This season, Washington State has 121 players and while the usual movement will occur with graduations, transfers in and out, prep and JC signees, etc., there will be some difficult decisions forced upon Dickert and every other coach at a D-I school.
“I think the 105 is tough,” Dickert said. “We’re at a roster of (about) 120 and that means and I have to cut 15 walk-on guys that deserve opportunities. We wouldn’t be able to operate the way we’ve had the last couple of years without those guys. Would we have Cooper Mathers, Kyle Thornton, Tanner Moku, Dean Janikowski? … And I’m missing a bunch of other guys. So that’s the thing that really hurts. Tough decisions all around.

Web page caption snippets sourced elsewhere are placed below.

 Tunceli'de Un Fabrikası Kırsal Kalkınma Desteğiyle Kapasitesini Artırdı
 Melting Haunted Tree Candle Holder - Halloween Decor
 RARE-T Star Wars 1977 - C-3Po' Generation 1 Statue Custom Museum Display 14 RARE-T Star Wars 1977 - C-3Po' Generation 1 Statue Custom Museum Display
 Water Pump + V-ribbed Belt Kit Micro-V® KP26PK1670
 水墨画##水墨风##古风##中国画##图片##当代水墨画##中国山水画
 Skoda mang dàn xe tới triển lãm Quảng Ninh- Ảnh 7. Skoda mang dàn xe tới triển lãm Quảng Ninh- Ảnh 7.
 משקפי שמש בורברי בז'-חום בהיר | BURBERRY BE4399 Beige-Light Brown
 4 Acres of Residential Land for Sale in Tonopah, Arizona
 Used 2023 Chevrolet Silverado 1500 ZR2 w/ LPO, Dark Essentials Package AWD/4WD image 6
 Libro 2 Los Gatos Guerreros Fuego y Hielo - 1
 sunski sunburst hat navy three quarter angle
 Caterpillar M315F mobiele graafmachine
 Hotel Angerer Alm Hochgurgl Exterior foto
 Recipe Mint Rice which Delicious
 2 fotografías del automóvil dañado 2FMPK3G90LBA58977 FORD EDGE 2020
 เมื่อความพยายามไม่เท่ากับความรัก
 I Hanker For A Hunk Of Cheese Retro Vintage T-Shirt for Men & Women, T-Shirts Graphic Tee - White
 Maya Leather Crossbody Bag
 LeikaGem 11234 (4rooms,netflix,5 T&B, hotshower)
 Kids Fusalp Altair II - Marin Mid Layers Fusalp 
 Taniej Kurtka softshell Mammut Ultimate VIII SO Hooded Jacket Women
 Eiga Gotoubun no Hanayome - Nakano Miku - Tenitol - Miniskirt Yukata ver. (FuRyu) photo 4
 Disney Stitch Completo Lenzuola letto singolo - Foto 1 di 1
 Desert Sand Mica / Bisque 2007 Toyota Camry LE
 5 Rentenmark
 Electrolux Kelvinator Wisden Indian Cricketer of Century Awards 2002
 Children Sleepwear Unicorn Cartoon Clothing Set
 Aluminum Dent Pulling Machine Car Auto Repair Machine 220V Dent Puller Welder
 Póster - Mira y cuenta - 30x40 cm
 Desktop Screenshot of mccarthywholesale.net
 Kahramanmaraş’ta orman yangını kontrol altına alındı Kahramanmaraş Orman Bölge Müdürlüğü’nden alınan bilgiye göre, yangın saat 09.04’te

There is also a scenario where the Power Four leagues abandon their own limits. If all or most teams, regardless of league, move to 105 scholarships then college athletics will move back in time … back to the days when there were no limits, and the top schools stockpiled all the top recruits with no maximum threshold. It was done, in part, to keep that talent from playing against them. 
“I haven’t thought much about that if I’m being honest with you,” Dickert said. “At the end of the day — in the spring — there’s going to be probably 15 to 20 guys cut from every Power 5 team in the country. Think about that. That’s a tough thing to manage and handle.”
WSU has its well-known stories of walk-on glory with the likes of Luke Falk, Armani Marsh, Cory Withrow, Lincoln Victor, and many more. On the current roster in addition to those Dickert named, Quinn Roff and Billy Riviere also began their Cougar careers as walk ons before earning scholarships.
Less quantifiable but no less impactful: the in-season practice work a team does each week vs. the scout teams for that week’s opponent. The better the competition, the better the starters. Take away the walk ons from the equation, and the resulting dominoes that would potentially fall, and you have a vastly different dynamic.